**WORK INSTRUCTIONS**
Output exactly, please, the lines of the records below from the one containing "Used 2026 Ice Toyota SE image 31" through the final line.

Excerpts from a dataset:
####
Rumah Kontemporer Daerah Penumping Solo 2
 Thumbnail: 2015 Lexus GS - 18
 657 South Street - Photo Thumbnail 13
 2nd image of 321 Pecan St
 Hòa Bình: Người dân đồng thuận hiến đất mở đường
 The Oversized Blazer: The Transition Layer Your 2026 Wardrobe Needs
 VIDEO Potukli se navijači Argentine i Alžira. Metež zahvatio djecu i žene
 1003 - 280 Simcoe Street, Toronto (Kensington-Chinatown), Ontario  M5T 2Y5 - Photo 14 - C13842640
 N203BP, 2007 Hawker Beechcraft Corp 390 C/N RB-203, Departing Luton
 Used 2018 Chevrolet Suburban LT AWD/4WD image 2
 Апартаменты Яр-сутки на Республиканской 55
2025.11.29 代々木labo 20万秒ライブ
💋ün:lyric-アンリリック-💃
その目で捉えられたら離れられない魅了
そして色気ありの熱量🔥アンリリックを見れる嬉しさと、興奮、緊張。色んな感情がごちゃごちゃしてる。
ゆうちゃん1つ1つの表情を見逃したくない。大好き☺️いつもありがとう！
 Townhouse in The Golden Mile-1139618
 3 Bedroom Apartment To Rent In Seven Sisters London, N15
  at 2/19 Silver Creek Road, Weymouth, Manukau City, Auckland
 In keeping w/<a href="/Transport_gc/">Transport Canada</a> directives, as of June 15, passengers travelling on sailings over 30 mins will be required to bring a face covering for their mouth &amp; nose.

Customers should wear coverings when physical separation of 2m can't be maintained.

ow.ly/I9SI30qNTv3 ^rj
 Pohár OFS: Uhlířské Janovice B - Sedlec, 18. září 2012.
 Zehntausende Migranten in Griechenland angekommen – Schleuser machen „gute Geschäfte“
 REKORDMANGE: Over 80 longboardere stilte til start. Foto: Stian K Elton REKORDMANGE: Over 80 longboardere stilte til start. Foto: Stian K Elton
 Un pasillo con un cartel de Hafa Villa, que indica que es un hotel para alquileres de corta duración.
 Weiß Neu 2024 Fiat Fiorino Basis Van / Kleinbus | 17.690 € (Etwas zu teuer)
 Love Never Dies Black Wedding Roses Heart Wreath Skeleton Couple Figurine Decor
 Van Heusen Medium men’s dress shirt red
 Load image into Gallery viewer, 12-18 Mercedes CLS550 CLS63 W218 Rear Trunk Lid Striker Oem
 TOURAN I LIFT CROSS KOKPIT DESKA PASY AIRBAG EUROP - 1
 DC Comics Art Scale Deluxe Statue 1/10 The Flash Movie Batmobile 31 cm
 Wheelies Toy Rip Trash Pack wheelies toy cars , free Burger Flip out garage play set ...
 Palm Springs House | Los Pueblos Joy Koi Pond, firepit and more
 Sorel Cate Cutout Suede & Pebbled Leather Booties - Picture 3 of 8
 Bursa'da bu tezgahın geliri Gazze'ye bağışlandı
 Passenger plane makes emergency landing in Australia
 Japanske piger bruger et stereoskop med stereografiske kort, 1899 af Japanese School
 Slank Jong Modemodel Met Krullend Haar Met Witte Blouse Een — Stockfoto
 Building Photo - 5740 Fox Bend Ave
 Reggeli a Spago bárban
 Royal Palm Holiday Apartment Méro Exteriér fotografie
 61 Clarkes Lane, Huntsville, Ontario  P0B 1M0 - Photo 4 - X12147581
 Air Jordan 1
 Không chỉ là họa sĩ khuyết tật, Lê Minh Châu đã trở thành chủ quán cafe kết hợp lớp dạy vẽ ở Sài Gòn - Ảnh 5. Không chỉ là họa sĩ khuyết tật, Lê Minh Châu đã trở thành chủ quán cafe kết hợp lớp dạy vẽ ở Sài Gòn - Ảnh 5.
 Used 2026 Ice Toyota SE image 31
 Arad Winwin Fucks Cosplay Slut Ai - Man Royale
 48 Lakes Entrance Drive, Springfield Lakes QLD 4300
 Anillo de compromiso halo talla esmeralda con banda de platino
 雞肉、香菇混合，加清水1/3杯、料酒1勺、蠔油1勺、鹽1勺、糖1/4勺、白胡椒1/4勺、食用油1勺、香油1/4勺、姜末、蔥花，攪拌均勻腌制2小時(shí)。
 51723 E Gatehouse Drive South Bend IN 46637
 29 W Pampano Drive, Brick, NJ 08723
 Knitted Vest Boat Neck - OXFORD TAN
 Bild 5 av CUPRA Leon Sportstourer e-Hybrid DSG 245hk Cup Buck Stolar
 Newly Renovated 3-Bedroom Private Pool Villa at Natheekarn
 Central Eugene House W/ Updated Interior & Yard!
####
**COMPLETED TASK**
 Used 2026 Ice Toyota SE image 31
 Arad Winwin Fucks Cosplay Slut Ai - Man Royale
 48 Lakes Entrance Drive, Springfield Lakes QLD 4300
 Anillo de compromiso halo talla esmeralda con banda de platino
 雞肉、香菇混合，加清水1/3杯、料酒1勺、蠔油1勺、鹽1勺、糖1/4勺、白胡椒1/4勺、食用油1勺、香油1/4勺、姜末、蔥花，攪拌均勻腌制2小時(shí)。
 51723 E Gatehouse Drive South Bend IN 46637
 29 W Pampano Drive, Brick, NJ 08723
 Knitted Vest Boat Neck - OXFORD TAN
 Bild 5 av CUPRA Leon Sportstourer e-Hybrid DSG 245hk Cup Buck Stolar
 Newly Renovated 3-Bedroom Private Pool Villa at Natheekarn
 Central Eugene House W/ Updated Interior & Yard!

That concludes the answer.